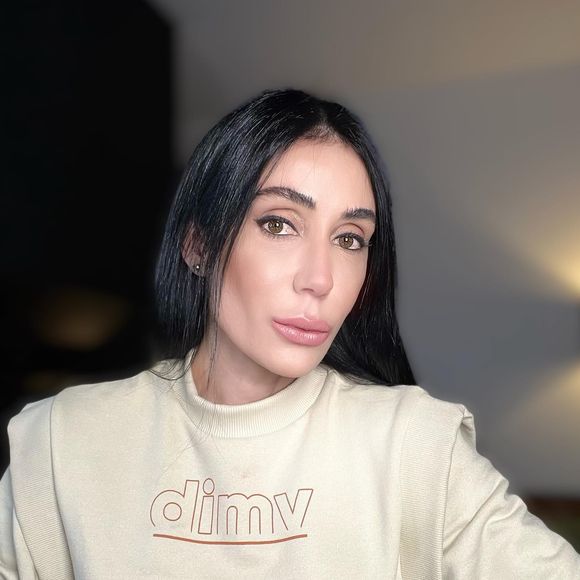 Outra mudança impactante de Michelle Barros foi em seus lábios, que também ganharam ácido hialurônico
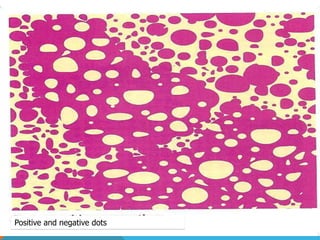 Positive and negative dots
 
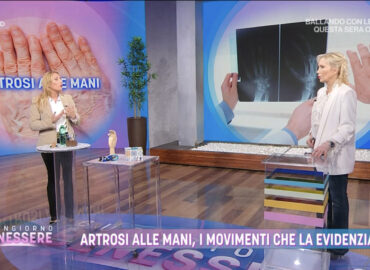 artrosi delle mani (3)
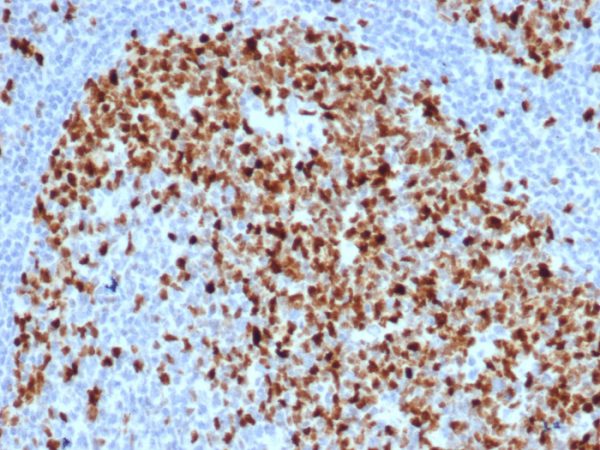 Formalin-fixed, paraffin-embedded human tonsil stained with Topo IIa Recombinant Rabbit Monoclonal Antibody (TOP2A/6570R).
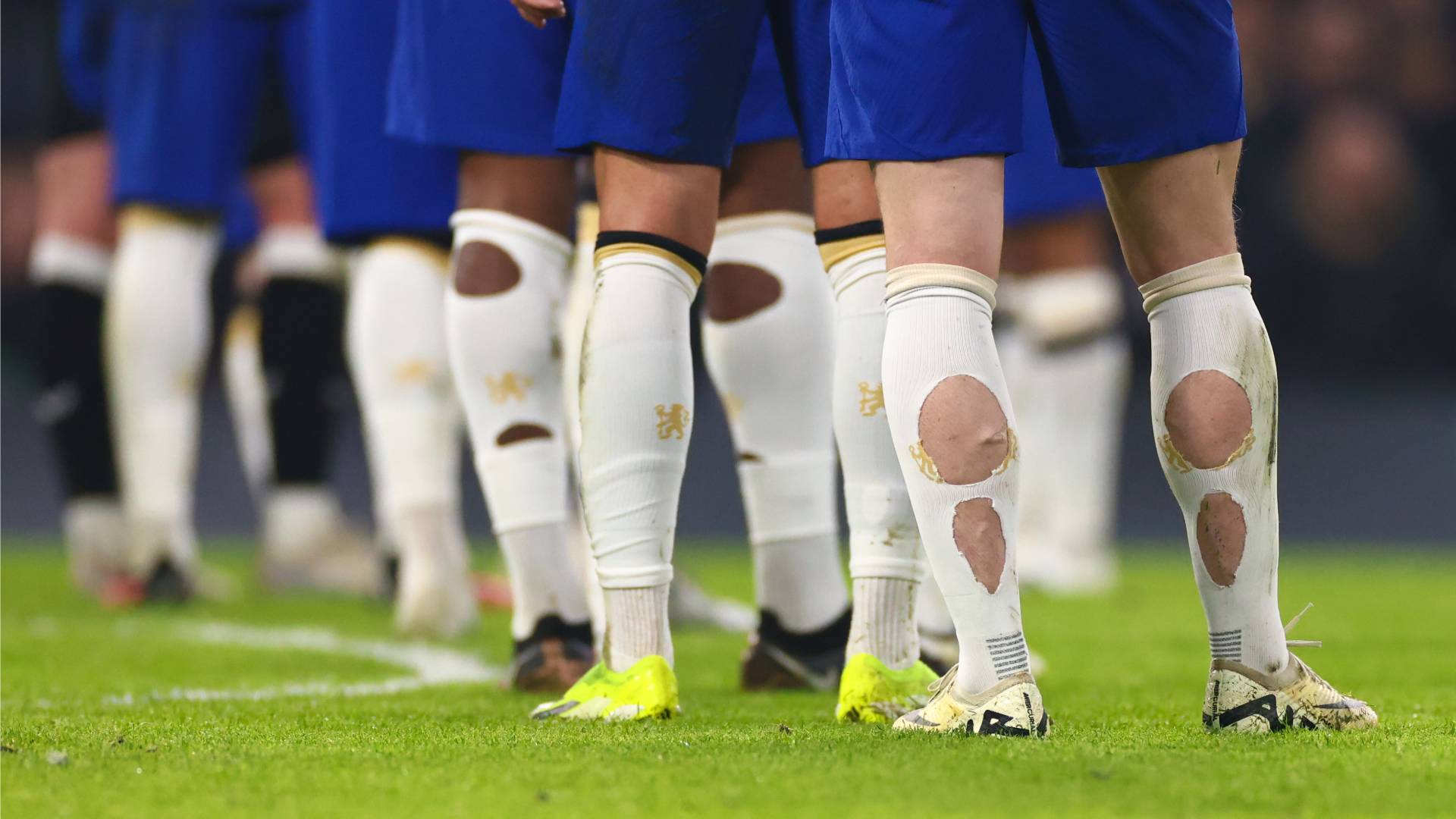 Footballers hole in socks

ASSIGNMENT
An exact reproduction of all the records is required, with no pictures included.

ANSWER TO THIS TASK
 Outra mudança impactante de Michelle Barros foi em seus lábios, que também ganharam ácido hialurônico
 Positive and negative dots
 
 artrosi delle mani (3)
 Formalin-fixed, paraffin-embedded human tonsil stained with Topo IIa Recombinant Rabbit Monoclonal Antibody (TOP2A/6570R).
 Footballers hole in socks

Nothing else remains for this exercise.